(Records shown)

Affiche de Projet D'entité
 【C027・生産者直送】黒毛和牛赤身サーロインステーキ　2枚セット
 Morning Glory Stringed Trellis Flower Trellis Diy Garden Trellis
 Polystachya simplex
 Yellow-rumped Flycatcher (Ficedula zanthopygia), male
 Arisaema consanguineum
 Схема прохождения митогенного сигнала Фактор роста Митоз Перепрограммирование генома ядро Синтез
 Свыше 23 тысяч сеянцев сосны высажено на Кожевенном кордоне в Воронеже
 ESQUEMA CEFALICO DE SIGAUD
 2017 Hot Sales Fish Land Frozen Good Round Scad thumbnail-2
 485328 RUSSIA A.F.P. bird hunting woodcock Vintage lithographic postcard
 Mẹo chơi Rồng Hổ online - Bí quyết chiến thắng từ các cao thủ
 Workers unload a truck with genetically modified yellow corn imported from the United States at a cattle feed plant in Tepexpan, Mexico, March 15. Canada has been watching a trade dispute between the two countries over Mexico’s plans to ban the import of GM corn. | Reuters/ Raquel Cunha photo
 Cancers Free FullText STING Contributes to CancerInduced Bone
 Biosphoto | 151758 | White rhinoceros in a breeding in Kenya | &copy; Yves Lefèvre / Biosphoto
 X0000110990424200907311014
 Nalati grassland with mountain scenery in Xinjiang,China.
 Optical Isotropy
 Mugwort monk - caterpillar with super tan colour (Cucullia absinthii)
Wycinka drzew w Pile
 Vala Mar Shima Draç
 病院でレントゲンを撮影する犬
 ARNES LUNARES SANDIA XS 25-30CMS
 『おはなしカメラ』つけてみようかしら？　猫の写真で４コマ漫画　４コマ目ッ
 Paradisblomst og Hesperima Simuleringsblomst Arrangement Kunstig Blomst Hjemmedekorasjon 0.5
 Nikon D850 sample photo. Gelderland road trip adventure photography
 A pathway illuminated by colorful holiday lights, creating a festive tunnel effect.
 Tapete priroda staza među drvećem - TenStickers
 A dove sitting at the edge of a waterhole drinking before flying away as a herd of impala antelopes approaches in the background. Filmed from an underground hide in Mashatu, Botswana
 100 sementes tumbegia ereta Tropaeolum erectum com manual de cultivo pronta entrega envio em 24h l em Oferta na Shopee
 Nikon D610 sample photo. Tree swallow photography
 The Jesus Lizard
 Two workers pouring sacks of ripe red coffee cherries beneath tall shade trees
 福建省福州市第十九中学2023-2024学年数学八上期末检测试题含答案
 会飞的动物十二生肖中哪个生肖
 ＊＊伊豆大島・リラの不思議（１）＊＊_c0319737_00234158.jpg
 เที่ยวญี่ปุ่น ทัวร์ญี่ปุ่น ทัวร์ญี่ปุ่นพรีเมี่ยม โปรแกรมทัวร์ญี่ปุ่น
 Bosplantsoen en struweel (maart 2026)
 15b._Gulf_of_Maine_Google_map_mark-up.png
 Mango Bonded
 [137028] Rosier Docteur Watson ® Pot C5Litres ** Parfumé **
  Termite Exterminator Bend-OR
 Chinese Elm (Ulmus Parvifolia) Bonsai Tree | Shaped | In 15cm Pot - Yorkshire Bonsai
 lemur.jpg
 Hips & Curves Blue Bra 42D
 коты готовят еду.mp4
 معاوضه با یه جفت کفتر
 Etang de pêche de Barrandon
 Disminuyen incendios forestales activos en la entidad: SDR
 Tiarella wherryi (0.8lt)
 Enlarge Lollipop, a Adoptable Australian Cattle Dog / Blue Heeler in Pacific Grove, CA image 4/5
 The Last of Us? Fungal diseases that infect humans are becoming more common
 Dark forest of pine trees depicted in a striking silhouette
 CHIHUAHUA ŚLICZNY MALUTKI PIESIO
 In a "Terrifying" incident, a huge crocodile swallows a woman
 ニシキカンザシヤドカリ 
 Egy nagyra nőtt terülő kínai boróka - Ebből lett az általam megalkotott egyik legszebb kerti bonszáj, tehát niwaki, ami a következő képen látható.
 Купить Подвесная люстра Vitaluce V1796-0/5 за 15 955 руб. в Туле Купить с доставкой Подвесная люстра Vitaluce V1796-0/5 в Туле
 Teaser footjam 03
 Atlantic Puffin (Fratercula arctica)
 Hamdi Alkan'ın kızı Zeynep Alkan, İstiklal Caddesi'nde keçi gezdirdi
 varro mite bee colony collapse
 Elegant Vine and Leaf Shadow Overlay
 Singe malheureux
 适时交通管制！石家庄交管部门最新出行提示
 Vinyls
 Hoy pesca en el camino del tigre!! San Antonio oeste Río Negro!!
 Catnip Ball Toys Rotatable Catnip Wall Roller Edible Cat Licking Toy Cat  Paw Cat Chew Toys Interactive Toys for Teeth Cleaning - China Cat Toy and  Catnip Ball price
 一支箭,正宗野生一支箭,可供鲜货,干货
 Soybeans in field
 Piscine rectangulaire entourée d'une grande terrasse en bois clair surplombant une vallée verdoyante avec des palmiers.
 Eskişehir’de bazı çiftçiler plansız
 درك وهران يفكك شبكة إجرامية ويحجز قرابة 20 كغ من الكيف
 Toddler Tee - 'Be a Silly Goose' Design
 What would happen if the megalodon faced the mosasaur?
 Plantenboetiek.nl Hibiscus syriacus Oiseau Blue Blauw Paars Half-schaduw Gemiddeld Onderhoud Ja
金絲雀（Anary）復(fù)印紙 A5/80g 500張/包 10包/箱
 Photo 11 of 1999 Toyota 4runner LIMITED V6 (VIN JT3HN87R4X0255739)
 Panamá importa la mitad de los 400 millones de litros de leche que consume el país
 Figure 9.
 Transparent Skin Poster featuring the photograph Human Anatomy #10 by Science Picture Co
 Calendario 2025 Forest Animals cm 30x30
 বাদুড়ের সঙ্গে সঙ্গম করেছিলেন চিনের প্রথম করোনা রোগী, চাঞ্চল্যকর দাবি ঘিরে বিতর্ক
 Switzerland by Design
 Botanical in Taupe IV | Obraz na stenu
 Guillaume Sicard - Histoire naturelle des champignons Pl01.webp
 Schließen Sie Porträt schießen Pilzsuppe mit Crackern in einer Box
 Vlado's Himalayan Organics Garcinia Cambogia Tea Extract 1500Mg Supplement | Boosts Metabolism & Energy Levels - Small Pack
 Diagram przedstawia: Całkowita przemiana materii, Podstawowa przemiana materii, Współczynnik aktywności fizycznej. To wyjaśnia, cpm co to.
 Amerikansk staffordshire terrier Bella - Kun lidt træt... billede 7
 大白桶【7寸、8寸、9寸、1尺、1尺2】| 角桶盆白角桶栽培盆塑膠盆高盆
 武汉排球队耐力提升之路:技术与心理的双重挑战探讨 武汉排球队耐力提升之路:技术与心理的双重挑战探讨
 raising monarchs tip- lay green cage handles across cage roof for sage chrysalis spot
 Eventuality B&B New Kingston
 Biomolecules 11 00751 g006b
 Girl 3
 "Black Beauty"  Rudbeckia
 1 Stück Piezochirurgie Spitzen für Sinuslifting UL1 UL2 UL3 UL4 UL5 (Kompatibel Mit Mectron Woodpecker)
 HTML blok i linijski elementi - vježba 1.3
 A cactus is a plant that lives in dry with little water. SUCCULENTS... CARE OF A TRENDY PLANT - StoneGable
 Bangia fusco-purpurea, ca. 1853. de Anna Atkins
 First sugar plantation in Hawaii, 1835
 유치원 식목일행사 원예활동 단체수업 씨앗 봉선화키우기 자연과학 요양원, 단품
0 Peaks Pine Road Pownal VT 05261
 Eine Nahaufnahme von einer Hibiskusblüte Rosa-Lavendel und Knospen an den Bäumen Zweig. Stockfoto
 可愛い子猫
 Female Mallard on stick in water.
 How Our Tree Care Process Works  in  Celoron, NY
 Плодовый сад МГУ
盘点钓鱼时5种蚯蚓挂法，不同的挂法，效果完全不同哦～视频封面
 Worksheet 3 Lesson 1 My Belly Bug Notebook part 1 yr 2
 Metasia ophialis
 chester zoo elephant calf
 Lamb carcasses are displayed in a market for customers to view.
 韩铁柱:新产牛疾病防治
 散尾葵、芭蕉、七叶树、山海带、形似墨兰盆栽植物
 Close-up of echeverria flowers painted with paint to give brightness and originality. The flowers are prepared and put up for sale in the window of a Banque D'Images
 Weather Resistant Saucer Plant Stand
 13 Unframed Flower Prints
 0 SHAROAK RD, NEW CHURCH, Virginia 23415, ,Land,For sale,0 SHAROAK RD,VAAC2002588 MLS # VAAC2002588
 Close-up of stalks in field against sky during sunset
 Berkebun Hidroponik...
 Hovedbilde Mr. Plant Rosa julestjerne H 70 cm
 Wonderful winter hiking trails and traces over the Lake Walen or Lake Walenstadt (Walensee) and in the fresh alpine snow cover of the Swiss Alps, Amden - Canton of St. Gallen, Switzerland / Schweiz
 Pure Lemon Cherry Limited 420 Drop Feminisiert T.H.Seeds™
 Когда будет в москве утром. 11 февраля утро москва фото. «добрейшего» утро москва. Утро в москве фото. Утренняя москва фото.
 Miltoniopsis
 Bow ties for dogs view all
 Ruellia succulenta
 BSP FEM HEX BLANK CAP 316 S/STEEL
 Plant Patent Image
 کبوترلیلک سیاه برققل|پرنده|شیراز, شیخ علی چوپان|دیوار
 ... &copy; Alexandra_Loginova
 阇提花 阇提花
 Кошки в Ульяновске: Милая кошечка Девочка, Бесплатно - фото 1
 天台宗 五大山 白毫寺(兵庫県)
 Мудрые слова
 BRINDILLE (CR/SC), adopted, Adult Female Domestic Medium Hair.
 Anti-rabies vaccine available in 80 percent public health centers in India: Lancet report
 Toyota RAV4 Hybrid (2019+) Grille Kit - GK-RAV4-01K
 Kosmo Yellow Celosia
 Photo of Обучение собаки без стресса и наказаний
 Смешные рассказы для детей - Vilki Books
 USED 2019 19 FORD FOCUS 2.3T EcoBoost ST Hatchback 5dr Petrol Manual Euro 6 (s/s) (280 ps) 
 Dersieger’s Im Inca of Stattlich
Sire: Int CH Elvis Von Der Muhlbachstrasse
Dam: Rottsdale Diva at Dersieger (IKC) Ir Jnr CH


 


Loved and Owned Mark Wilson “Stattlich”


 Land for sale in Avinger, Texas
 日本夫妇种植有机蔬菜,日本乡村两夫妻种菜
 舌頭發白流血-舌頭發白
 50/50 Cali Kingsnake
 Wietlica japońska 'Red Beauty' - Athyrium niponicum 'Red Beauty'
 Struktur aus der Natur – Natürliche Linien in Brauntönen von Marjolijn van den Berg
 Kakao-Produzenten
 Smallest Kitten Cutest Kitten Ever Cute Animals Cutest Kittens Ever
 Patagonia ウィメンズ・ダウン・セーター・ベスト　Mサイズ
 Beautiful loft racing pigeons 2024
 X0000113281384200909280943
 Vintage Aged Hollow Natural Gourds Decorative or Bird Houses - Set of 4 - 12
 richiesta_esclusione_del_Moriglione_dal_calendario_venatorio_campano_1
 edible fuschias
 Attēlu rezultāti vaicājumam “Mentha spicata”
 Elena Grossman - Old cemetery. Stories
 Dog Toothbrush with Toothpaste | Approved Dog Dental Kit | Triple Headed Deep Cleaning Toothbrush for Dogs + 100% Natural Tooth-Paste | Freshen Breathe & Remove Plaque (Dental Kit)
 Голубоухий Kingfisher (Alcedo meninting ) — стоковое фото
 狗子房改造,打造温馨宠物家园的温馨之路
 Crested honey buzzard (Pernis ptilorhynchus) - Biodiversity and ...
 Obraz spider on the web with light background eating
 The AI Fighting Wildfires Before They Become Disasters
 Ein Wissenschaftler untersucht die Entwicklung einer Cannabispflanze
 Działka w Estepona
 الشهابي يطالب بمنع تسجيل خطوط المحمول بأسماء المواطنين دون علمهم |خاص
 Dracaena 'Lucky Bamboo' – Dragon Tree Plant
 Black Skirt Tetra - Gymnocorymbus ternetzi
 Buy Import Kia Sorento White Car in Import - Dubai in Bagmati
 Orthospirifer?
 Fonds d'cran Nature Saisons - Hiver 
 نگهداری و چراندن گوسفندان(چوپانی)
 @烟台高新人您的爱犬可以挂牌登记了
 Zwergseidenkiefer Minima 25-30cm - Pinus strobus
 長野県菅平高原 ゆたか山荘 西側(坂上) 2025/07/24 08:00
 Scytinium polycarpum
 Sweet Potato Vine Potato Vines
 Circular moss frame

(End Records shown)

** Exercise brief **
Please retype the top of the data exactly, down to and including the line that holds "X0000110990424200907311014", and nothing further.

** Response area **
Affiche de Projet D'entité
 【C027・生産者直送】黒毛和牛赤身サーロインステーキ　2枚セット
 Morning Glory Stringed Trellis Flower Trellis Diy Garden Trellis
 Polystachya simplex
 Yellow-rumped Flycatcher (Ficedula zanthopygia), male
 Arisaema consanguineum
 Схема прохождения митогенного сигнала Фактор роста Митоз Перепрограммирование генома ядро Синтез
 Свыше 23 тысяч сеянцев сосны высажено на Кожевенном кордоне в Воронеже
 ESQUEMA CEFALICO DE SIGAUD
 2017 Hot Sales Fish Land Frozen Good Round Scad thumbnail-2
 485328 RUSSIA A.F.P. bird hunting woodcock Vintage lithographic postcard
 Mẹo chơi Rồng Hổ online - Bí quyết chiến thắng từ các cao thủ
 Workers unload a truck with genetically modified yellow corn imported from the United States at a cattle feed plant in Tepexpan, Mexico, March 15. Canada has been watching a trade dispute between the two countries over Mexico’s plans to ban the import of GM corn. | Reuters/ Raquel Cunha photo
 Cancers Free FullText STING Contributes to CancerInduced Bone
 Biosphoto | 151758 | White rhinoceros in a breeding in Kenya | &copy; Yves Lefèvre / Biosphoto
 X0000110990424200907311014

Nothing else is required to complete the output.